In how many ways can the 2 x 10 board shown below be covered with 1 x 2 dominos?
Hello, BKelAB!
I think I have an approach,
. . but it requires a bit of Listing.
There are two types of dominos:
. . Horizontal $\displaystyle (H)\!:\;\;\sqsubset \!\sqsupset $
. . . . Vertical $\displaystyle (V)\!:\;\;\begin{array}{c} \sqcap \\ [-3mm] \sqcup \end{array}$
Note that two $\displaystyle H$'s form a 2-by-2 square.
. . Let $\displaystyle H\!H$ represent: .$\displaystyle \begin{array}{c}\sqsubset\! \sqsupset \\ [-3mm] \sqsubset\! \sqsupset \end{array}$
There are 6 cases to consider:
(1) 10 V's: there is 1 way.
(2) 8 V's, 1 HH
. . .Place the 8 V's in a row, leaving spaces before, after and between them.

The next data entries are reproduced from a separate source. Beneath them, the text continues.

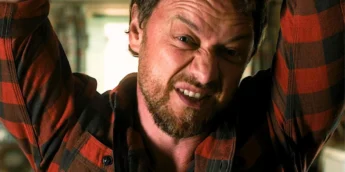 James McAvoy em remake de Não Fale o Mal
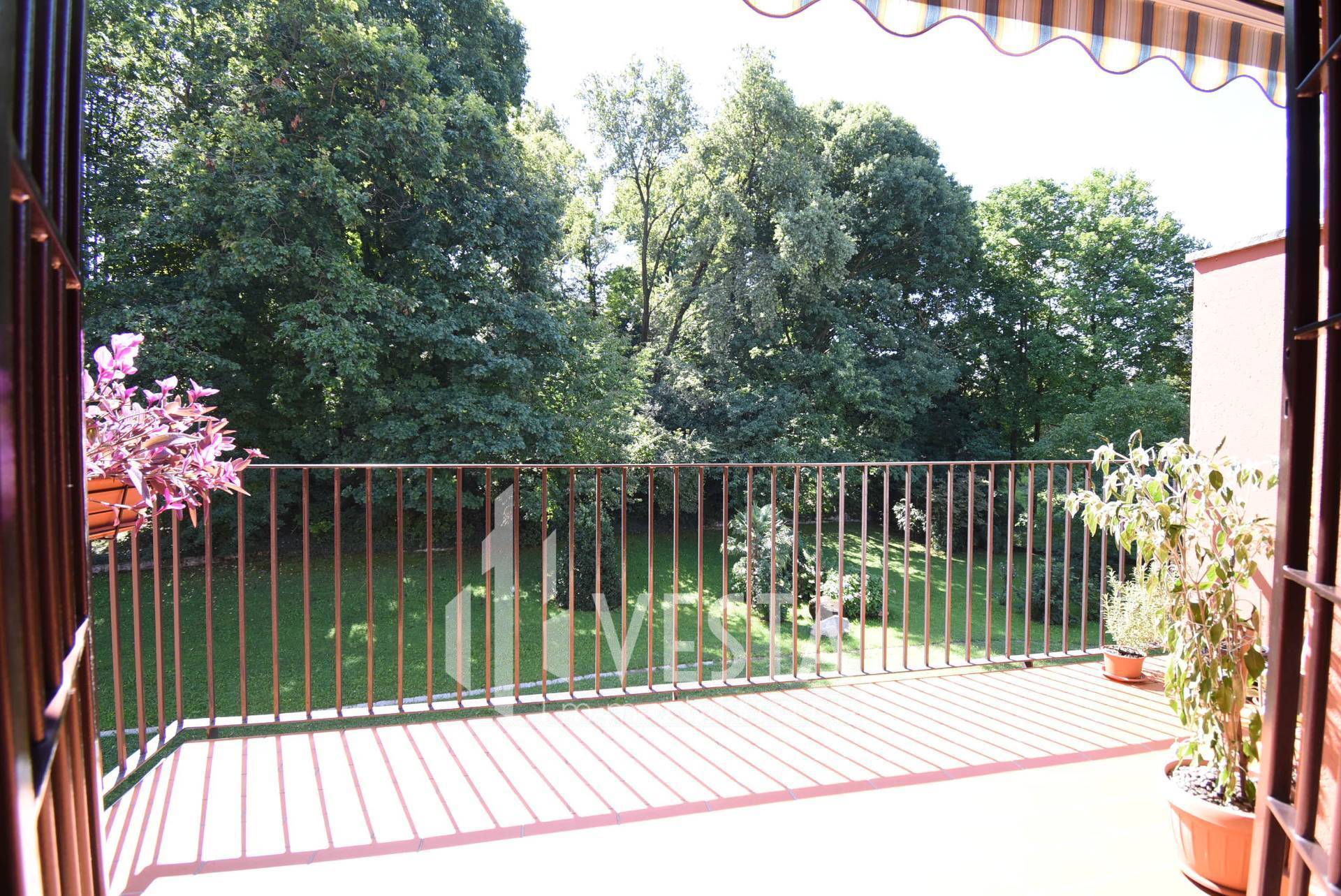 Appartamento in vendita a Monticello Brianza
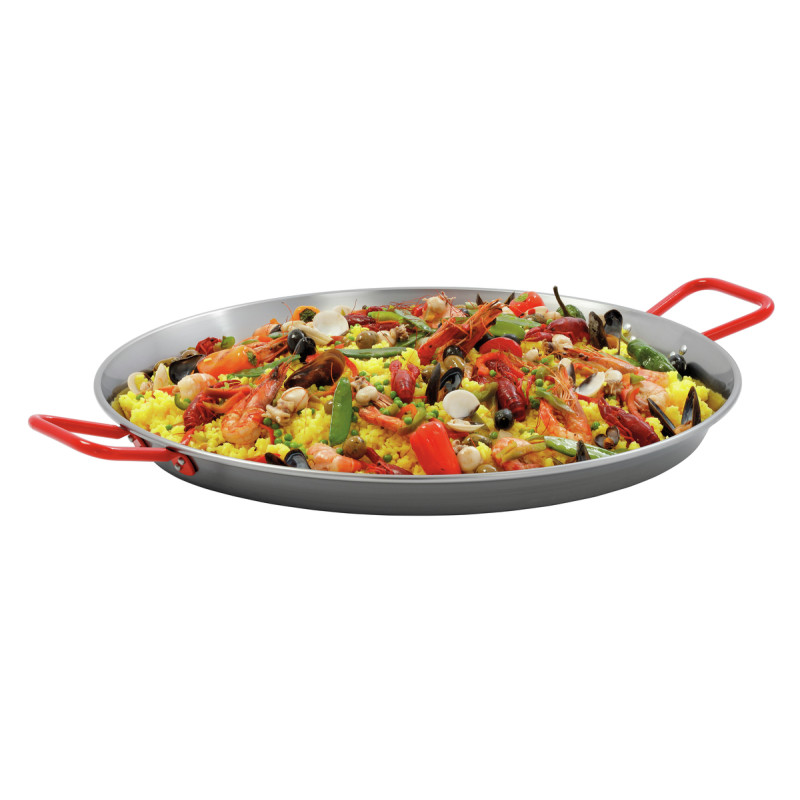 Paellapan - ø 60 cm - Bartscher Paellapan - ø 60 cm - Bartscher
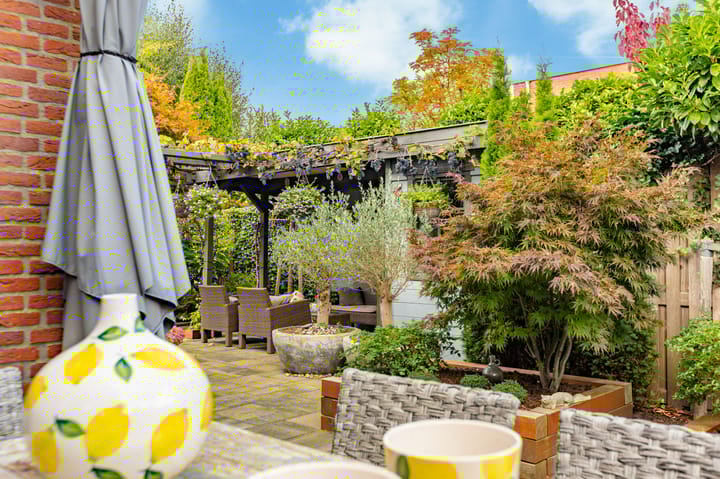 Foto 25 van Dokter W Nijestraat 91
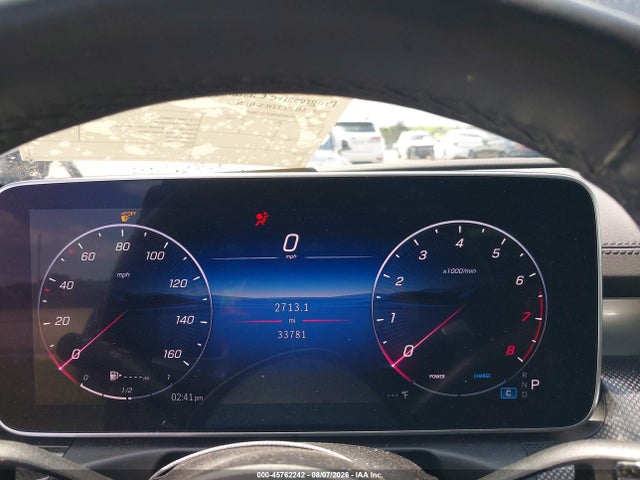 Продажа на аукционе авто 2024 Mercedes-benz Cle 300 4matic, vin: W1KMJ4HB0RF012869, номер лота: 45762242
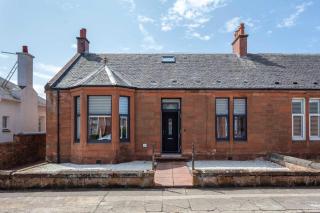 No20 Mansfield - Donnini Apartments - Prestwick - 7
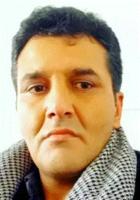 Hashem Saedi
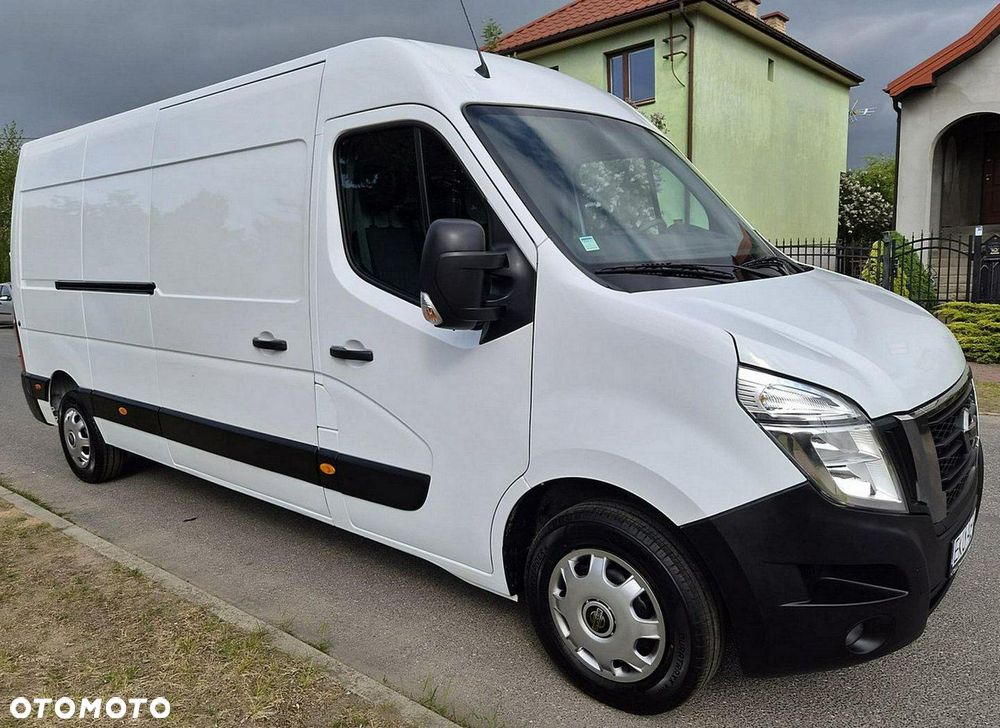 Renault Master - 3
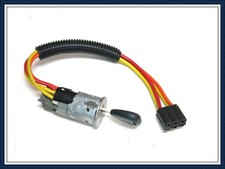 Blocchetto Accensione Bloccasterzo Renault Megane Cabrio Ricambi Auto Originali 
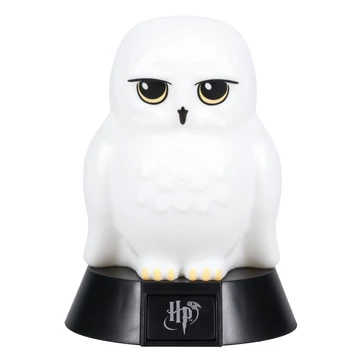 Harry Potter Icons Light Hedwig 11 cm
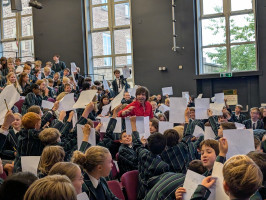 Library-Opening-and-Danny-Robins-62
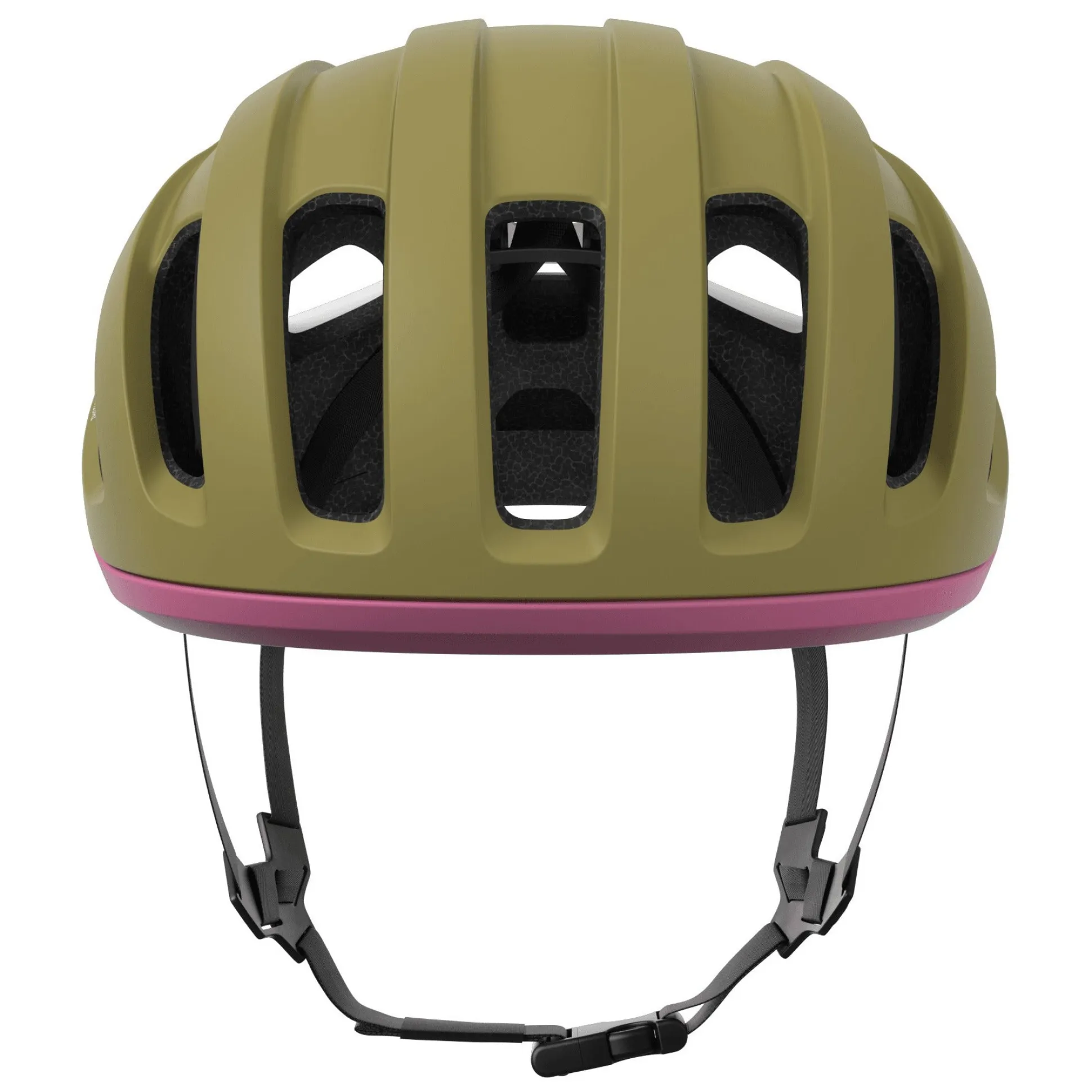 Casco Poc Amidal Mips - Verde rosa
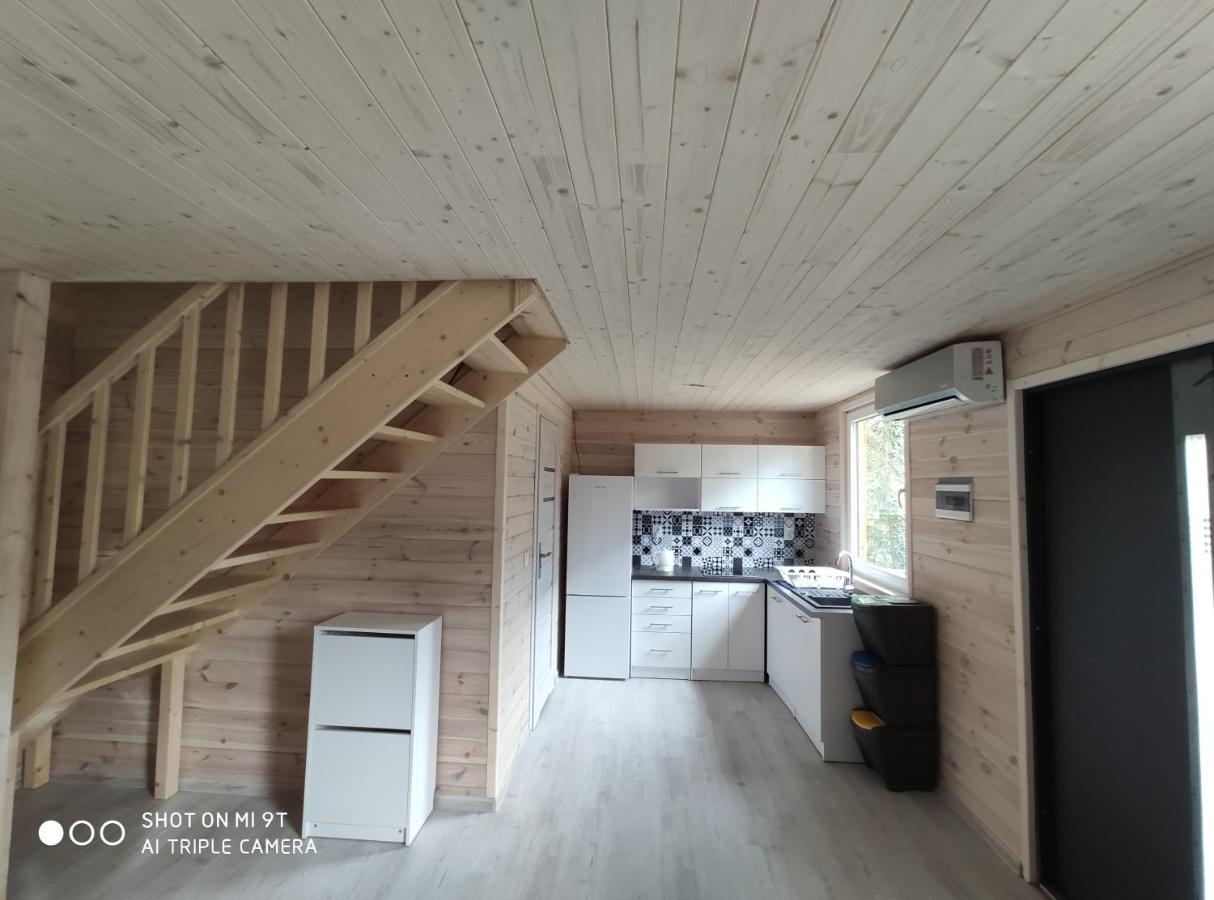 Chalet Lesna Ostoja Rewal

. . . . $\displaystyle \_ \;V\;\_\;V\;\_\;V\;\_\;V\;\_\;V\;\_\; V\;\_\;V\;\_\;V\;\_ $
. . .The $\displaystyle H\!H$ can be placed in any of the 9 spaces.
. . There are 9 ways with 8 V's and 1 HH.
(3) 6 V's, 2 HH's
. . .Place the 6 V's in a row, leaving spaces before, after and between them.
. . . . $\displaystyle \_\;V\;\_\;V\;\_\;V\;\_\:V\;\_\;V\;\_\;V\;\_$
. . .Each HH has 7 choices of spaces: .$\displaystyle 7^2$ choices.
. . .There are 49 ways with 6 V's and 2 HH's.
(4) 4 V's, 3 HH's
. . .Place the 4 V's in a row, leaving spaces before, after and between them.
. . . . $\displaystyle \_\;V\;\_\;V\;\_\;V\;\_\;V\;\_$
. . .Each HH has 5 choices of spaces: .$\displaystyle 5^3$ choices.
. . .There are 125 ways with 4 V's and 3 HH's.
(5) 2V's, 4HH's
. . .Place the 4 HH's in a row, leaving spaces before, after and between them.
. . . . $\displaystyle \_\;H\!H\;\_\;H\!H\;\_\;H\!H\;\_\;H\!H \;\_$
. . .Each V has 5 choices for spaces.: .$\displaystyle 5^2$ choices.
. . .There are 25 ways with 2V's and 4 HH's.
(6) 5 HH's: There is 1 way.
Therefore, there are: .$\displaystyle 1 + 9 + 49 + 125 + 25 + 1 \;=\;{\color{blue}210}$ ways.